On a sunny winter’s afternoon in the Praça do Giraldo, the main square of the city of Évora in Portugal, locals sat enjoying the mild weather as they sipped cafezinhos (strong shots of espresso) at curb-side tables. The strains of a violin played by a street musician reverberated nearby and students from the Universidade de Évora gave the ancient surroundings a youthful buzz.

With a population of nearly 57,000 and 5000 years of history (it was mentioned by the Roman author and naturalist Pliny the Elder in his Naturalis Historia and was declared a Unesco World Heritage Site in 1986), Évora contains stunning Roman ruins with a charming old quarter, and serves as the unofficial capital of Portugal’s southern Alentejo region, a lush though economically underdeveloped area famous for its wine.
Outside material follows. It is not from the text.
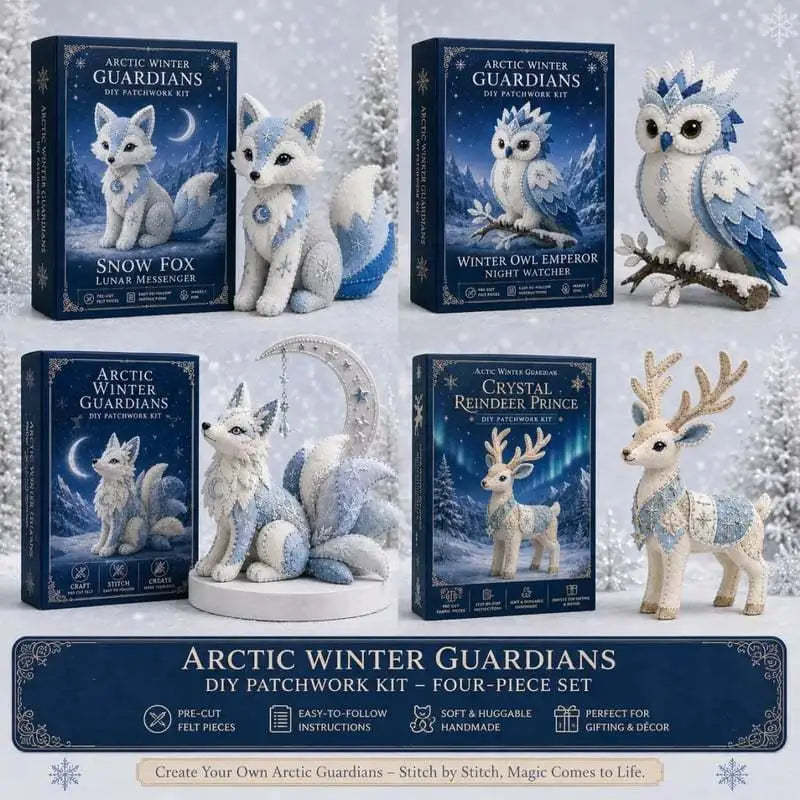 Arctic Winter Guardians DIY Patchwork Kit 3D Stuffed Animals Mythical Creature Pre-Cut Handmade Craft Kit For Home Decor Gift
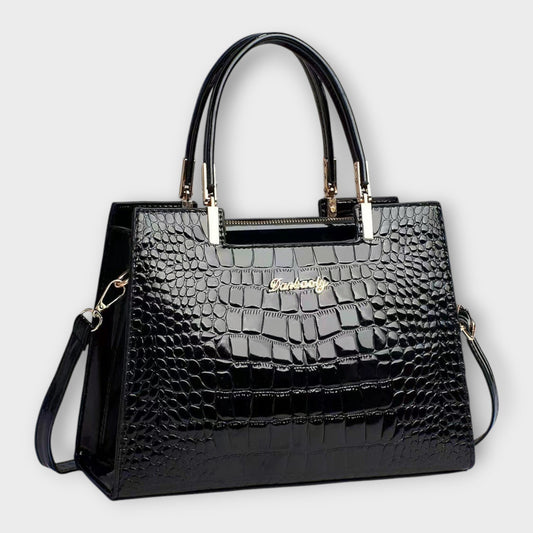 Aurellia - Glossy PU Handbag with Crocodile Pattern, Elegant and Spacious Design for Every Occasion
Beyond tourists coming to enjoy a tipple from one of the nearby vineyards or the region’s fortifying, hearty cuisine at bistros such as the famous Café Alentejo, Évora has also of late attracted a different kind of newcomer in its role as one of the country’s aerospace and business services centres. 

Fertile soil

Beyond the city’s old historic core, at a gleaming new industrial park, the face of the new Évora begins to emerge. 

“Portugal wanted to have an aeronautical cluster in this region, and it has been a great experience in terms of the willingness of people to learn,” says Christian Santos, general manager at a facility run by French precision engineering company Mecachrome. After laying its first stone in 2015, the facility now employs 150 people, producing a variety of complex, highly sensitive parts for aeroplanes. Nearly 85% of local employees come from Évora’s renowned professional training centre, the Instituto do Emprego e Formação Profissional.

“There are good professionals here, the learning curve is very steep and we balance it with experts coming from France,” says Mr Santos as he surveys Mecachrome’s facilities, where production spans everything from the reception of raw materials to the re-exporting of the finished product. "You need the right earth to make a project such as this grow,” he adds.

In the same complex where Mecachrome locates its offices, the Brazilian aerospace conglomerate Embraer employs 450 people in a sprawling facility. 

“Our drive was to have a bigger footprint in Europe,” says Embraer administrator Yuri Lopes Capi. “We understood that Portugal was most suitable to implement the manufacturing side of that. The country’s policies have supported more development in regions such as Alentejo, and we have a very good relationship with the local authorities as they are very supportive.”

The end of austerity

As Mr Lopes suggests, the courting of foreign investment has been a cross-party affair in Portugal. Évora mayor Carlos Pinto de Sá was elected at the head of a ticket on behalf of the Coligação Democrática Unitária, a coalition of the communists and the greens.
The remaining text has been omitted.